Exercise directions:
Everything from the line containing "MG TA &amp; TC Gold Portfolio 1936 - 1949" through the line containing "Chytrý olejový radiátor" in the listing below should be copied exactly, and nothing more.

Record excerpts:
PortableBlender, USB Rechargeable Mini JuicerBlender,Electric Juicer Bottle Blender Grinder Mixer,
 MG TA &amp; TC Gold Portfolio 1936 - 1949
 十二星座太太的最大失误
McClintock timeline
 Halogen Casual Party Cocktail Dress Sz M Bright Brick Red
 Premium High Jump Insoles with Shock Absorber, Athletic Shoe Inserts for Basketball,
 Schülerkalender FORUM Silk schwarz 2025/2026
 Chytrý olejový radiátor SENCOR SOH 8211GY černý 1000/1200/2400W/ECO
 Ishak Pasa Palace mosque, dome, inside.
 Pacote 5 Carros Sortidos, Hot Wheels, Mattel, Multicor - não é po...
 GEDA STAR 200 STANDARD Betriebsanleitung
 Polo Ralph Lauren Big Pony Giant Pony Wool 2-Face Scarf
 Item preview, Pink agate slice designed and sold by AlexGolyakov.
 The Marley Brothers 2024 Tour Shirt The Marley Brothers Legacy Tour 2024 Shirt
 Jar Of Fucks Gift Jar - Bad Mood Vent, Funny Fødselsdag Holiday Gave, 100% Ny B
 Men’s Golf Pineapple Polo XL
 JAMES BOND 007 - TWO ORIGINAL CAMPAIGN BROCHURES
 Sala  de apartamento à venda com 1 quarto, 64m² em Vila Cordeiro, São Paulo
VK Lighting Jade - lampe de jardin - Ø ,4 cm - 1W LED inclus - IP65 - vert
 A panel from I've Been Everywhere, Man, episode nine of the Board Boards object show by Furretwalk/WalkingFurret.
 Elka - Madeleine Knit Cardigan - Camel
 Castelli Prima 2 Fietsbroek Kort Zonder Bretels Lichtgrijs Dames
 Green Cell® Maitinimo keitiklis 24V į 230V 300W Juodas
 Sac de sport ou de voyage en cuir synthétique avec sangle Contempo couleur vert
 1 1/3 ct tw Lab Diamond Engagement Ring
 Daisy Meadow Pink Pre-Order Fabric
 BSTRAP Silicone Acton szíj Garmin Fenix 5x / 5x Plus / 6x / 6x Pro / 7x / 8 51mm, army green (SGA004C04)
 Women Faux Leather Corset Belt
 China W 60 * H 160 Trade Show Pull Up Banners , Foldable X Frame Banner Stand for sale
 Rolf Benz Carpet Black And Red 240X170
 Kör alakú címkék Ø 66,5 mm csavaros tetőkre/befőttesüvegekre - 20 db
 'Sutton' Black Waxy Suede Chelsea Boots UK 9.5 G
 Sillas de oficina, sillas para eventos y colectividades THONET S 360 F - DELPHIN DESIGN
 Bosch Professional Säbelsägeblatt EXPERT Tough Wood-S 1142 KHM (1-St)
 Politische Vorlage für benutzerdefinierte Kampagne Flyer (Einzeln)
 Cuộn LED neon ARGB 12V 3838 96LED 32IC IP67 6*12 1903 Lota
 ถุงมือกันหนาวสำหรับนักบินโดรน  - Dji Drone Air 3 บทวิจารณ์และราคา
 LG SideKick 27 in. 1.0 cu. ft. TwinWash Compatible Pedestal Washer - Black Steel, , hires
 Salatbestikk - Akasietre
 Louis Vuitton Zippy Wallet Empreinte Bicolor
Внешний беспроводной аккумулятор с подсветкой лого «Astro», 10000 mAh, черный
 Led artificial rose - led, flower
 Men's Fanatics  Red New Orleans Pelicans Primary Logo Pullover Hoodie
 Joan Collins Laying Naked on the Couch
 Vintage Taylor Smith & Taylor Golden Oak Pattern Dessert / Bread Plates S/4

Result of the exercise:
 MG TA &amp; TC Gold Portfolio 1936 - 1949
 十二星座太太的最大失误
McClintock timeline
 Halogen Casual Party Cocktail Dress Sz M Bright Brick Red
 Premium High Jump Insoles with Shock Absorber, Athletic Shoe Inserts for Basketball,
 Schülerkalender FORUM Silk schwarz 2025/2026
 Chytrý olejový radiátor SENCOR SOH 8211GY černý 1000/1200/2400W/ECO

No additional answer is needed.